• _YOUR TASK_
Pictures are to be left out, and only the lines from the one with "Diamond Bracelet With" through the last line of the listing below are to be repeated exactly.

• _RECORD EXCERPTS_
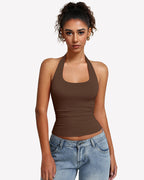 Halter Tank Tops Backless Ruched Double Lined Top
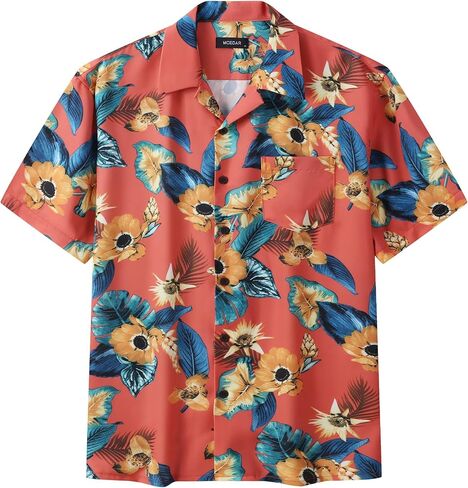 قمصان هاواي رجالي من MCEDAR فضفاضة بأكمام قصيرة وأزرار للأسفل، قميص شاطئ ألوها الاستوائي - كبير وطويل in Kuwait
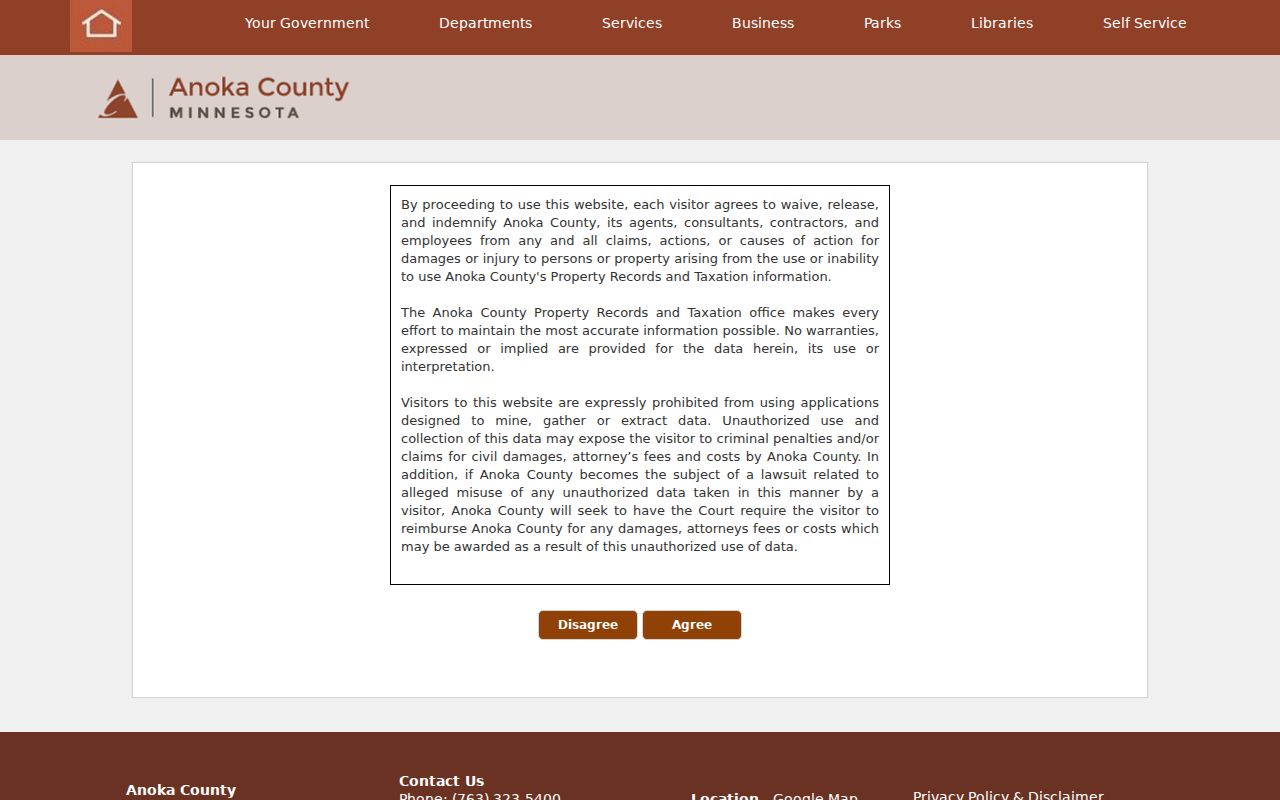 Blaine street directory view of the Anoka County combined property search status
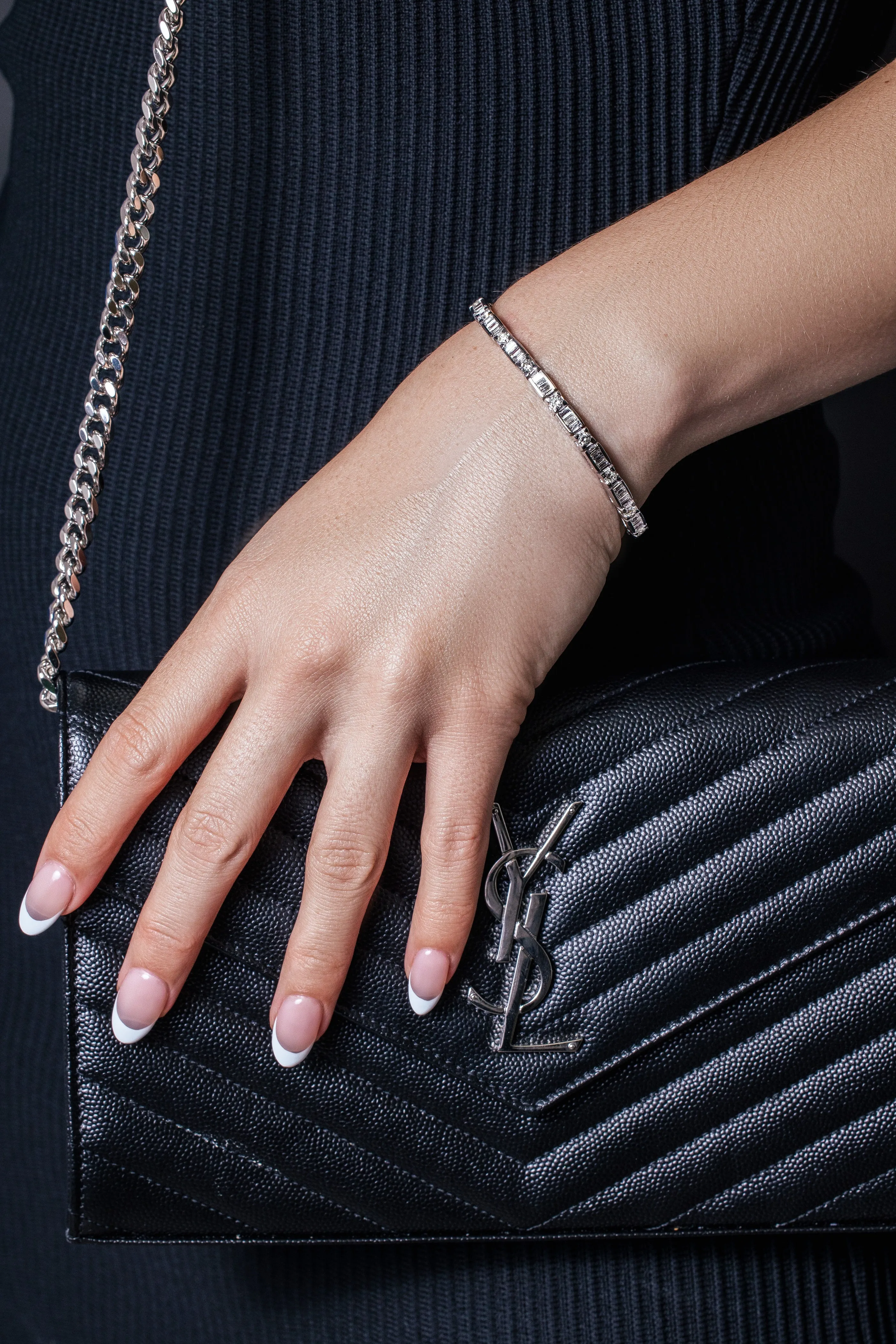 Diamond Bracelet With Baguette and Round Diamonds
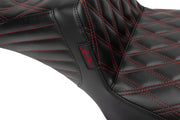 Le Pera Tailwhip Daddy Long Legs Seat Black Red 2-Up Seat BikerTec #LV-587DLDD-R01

• _RESULT OF THE EXERCISE_
 Diamond Bracelet With Baguette and Round Diamonds
 Le Pera Tailwhip Daddy Long Legs Seat Black Red 2-Up Seat BikerTec #LV-587DLDD-R01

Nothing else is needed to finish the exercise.